The US Corporate Profit Recession Is Over

It’s official (almost): The US corporate earnings recession is over (with 89% of index market cap reporting).

Headed into reporting season, consensus expected flat YoY earnings. So, no growth. Instead, S&P 500 companies collectively managed to grow the bottom line by 4% compared with the same period a year ago.

If you strip out energy, earnings growth was 10%.

Assuming the upside to consensus holds, Q3 will go down as the first quarter of positive YoY growth in a year. This profit recession was short and shallow.

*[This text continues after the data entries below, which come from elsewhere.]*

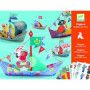 Origami bateaux sur l'eau - IkaIpaka Royan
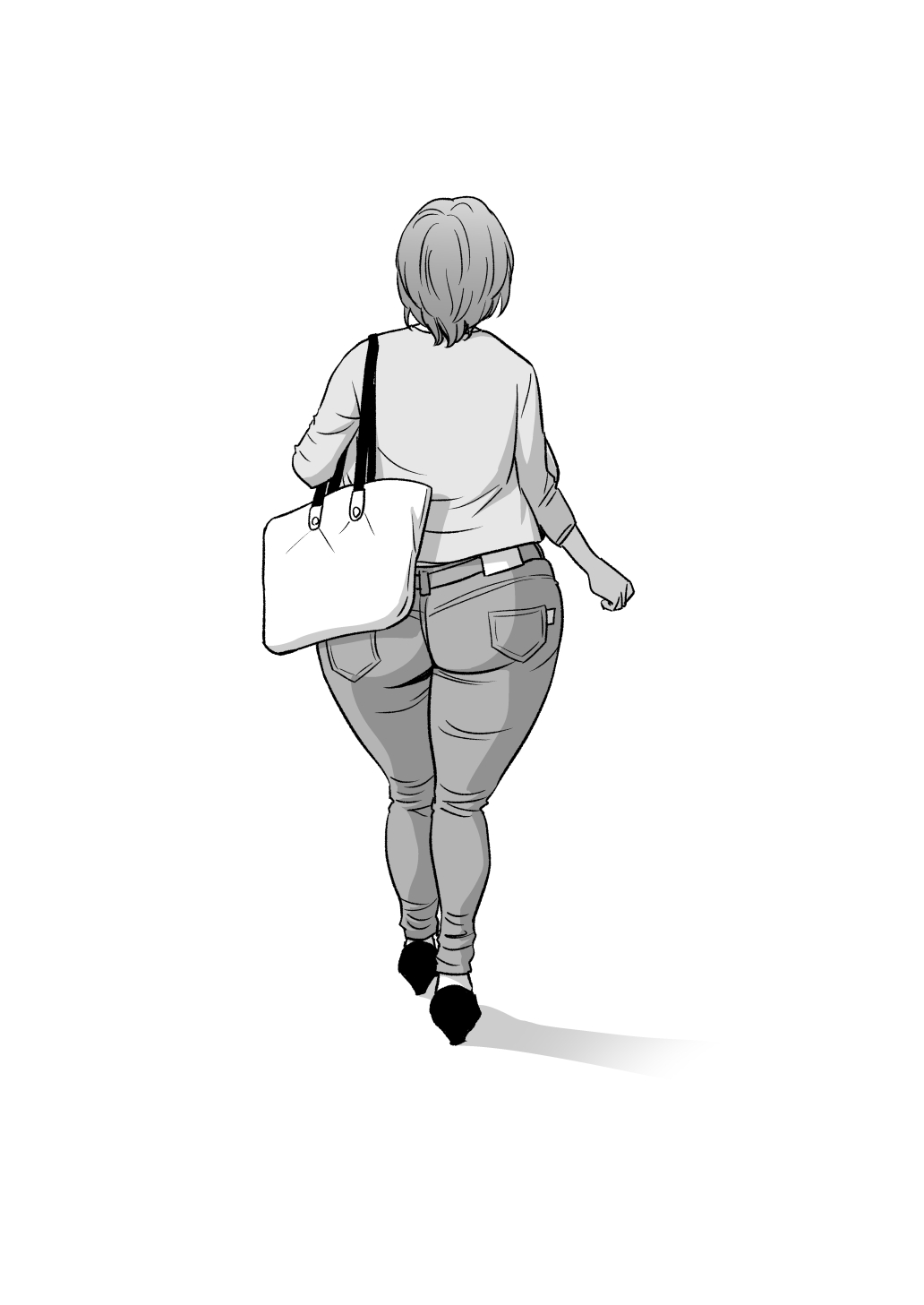 [Re-Fire] Kayoi zu Mama Tai Oshikake Kanojo 图片编号 93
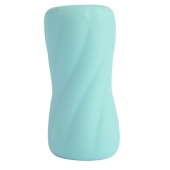 Аквамариновый мастурбатор Blow Cox Masturbator Pleasure Pocket - Chisa - в Пензе купить с доставкой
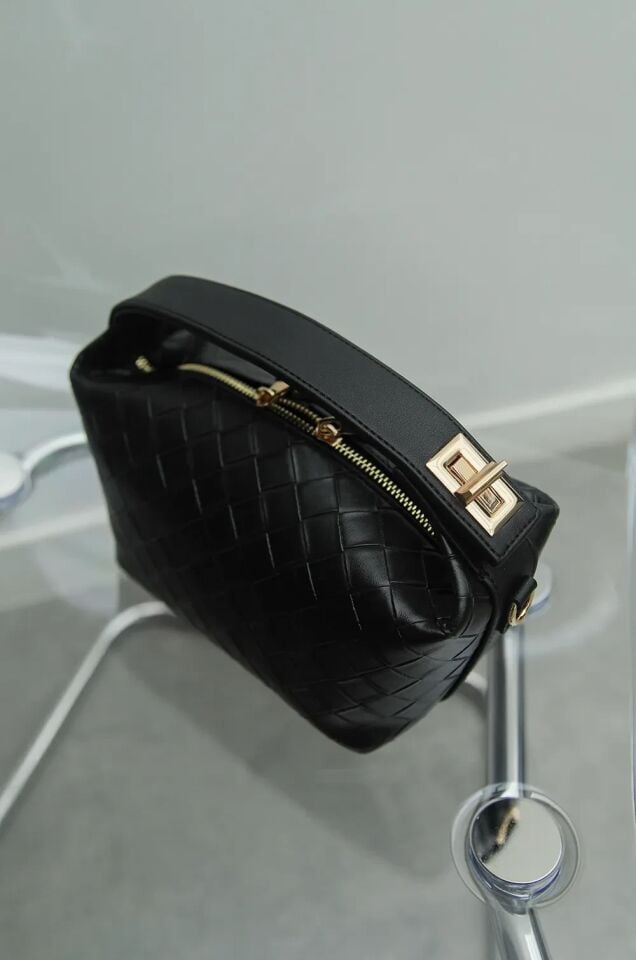 Luxe El Çantası Siyah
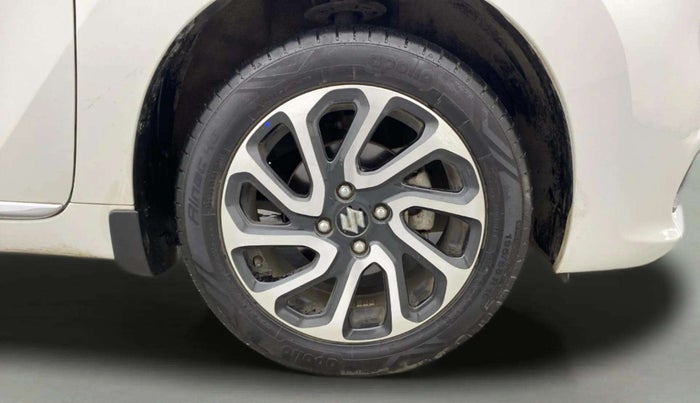 2023 Maruti Baleno ALPHA 1.2 AGS, Petrol, Automatic, 23,545 km, Right Front Wheel
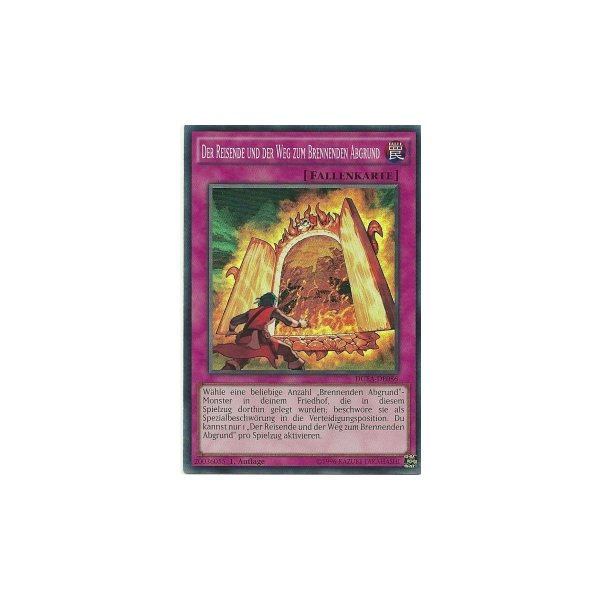 Der Reisende und der Weg zum Brennenden Abgrund DUEA-DE086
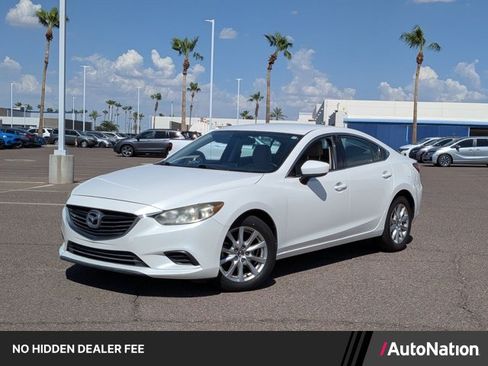 Used 2017 MAZDA MAZDA6 Sport FWD image 1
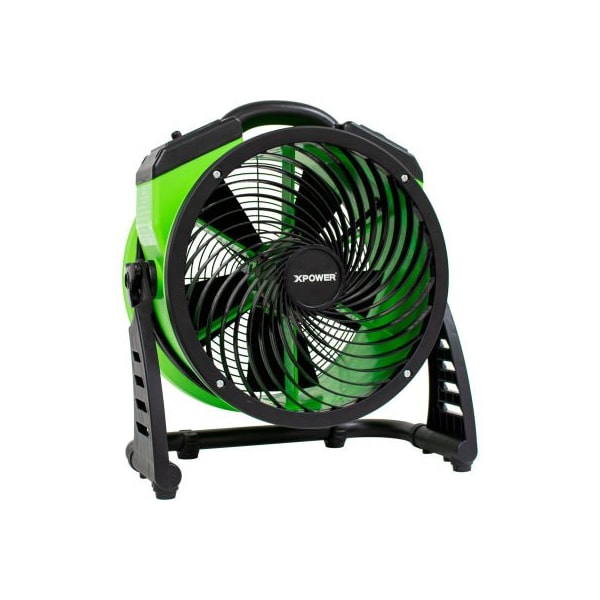 Xpower XPOWER Pro 13" Brushless DC Motor Air Circulator Utility Fan with Timer, 1560 CFM, Variable Speed FC-250D - main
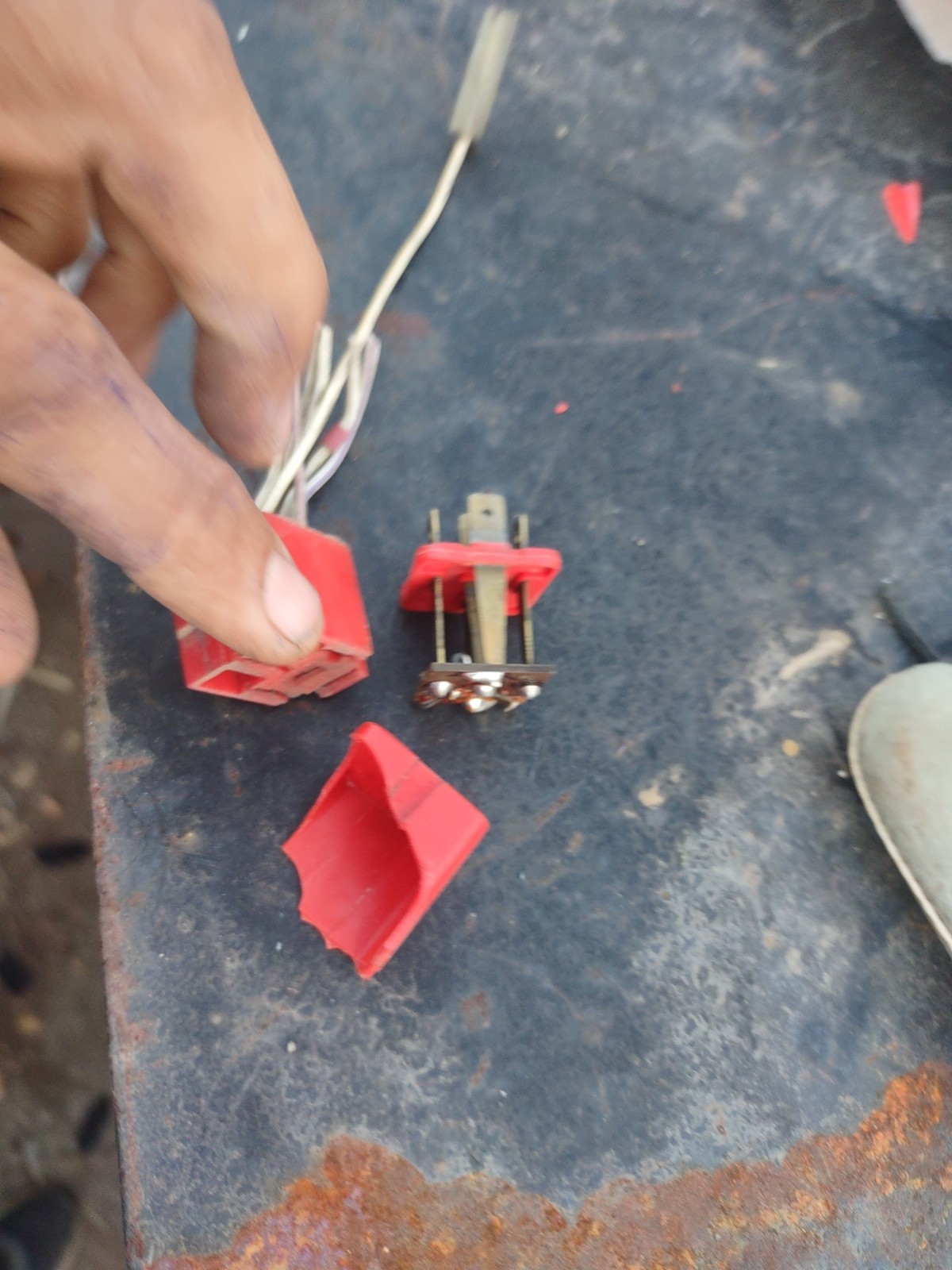 Jaguar Xjs XJ6 5 Pin Multipurpose Relay Lucas Red Relay 12v Pektron W/Pigtail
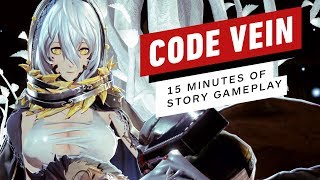 Тестирование Code Vein начнется в конце месяца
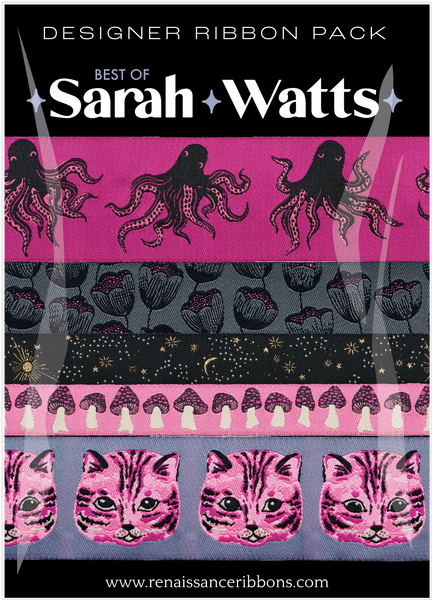Renaissance Ribbons - Ruby Star Society Best of Sarah Watts Ribbon Pack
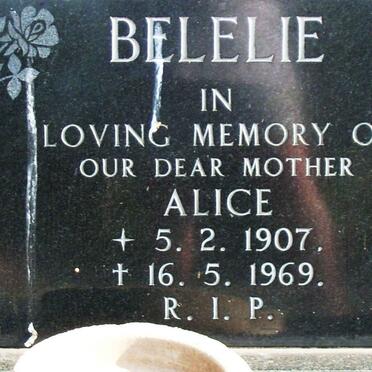 BELELI Alice 1907-1969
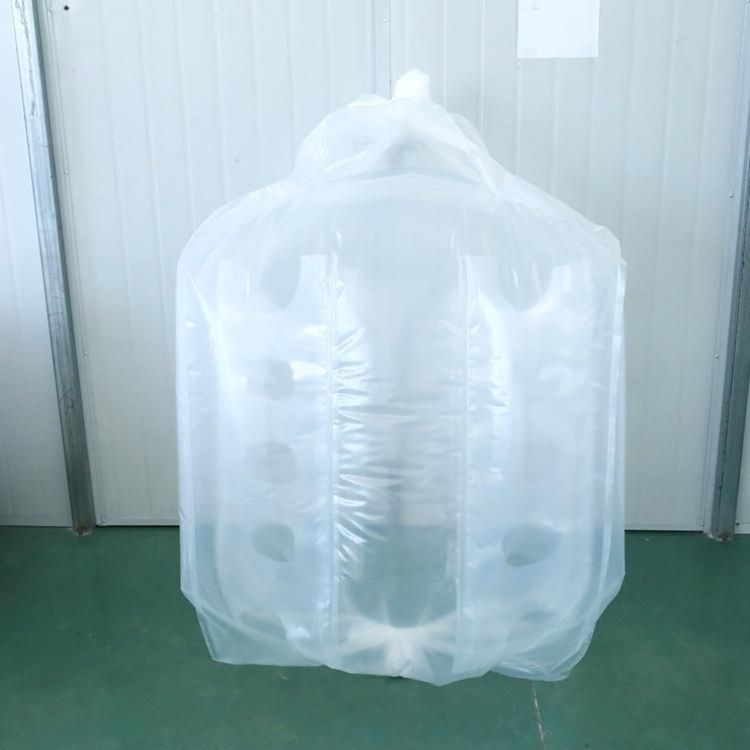 Wholesale Price Baffle Container Bags PE Baffled Bags Liner Plastic Materials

As Goldman’s David Kostin detailed, 59% of reporters beat on the bottom line by at least one standard deviation, considerably better than the historical average of 48%.

Notably, margins improved 50bps from Q2, to 11.6%, 40bps better than consensus saw at the beginning of October. Analysts expect that trend to reverse in the current quarter.

Sales growth, by contrast, disappointed, or at least in terms of the prevalence of beats. Just a third of firms managed to beat consensus on the top line, 10ppt below the first-half rate. Overall, sales growth was just 3%.

There’s some consternation around revisions. Current-quarter estimates have been cut by around 4% so far. 2024 profit forecasts are down around 1%.

And yet, as Kostin pointed out, that isn’t unusual. “Negative revisions to Q4 EPS during Q3 earnings season appear to be a return to the typical pattern,” he wrote.

Looking back nearly two decades, quarterly EPS estimates fall by 6% in the months prior to reporting season, consistent with the current trajectory of revisions to Q4 EPS forecasts.

The same can generally be said of the cuts to 2024 estimates. Historically, year-ahead estimates drop by 1% during the first month of Q3 reporting season.

Happily, it’s now more likely that companies will “beat” (note the scare quotes) when they report Q4 results early next year. “The cuts to Q4 2023 EPS estimates since the end of September now suggest sequential margin contraction, once again setting a low bar for companies,” Kostin went on, noting that consensus now implies 75bps of margin compression from Q3 to Q4.

“Although seasonality could weigh on margins in Q4, stocks have consistently beat margin expectations in the first three quarters of the year and input cost pressures continue to ease,” Kostin said.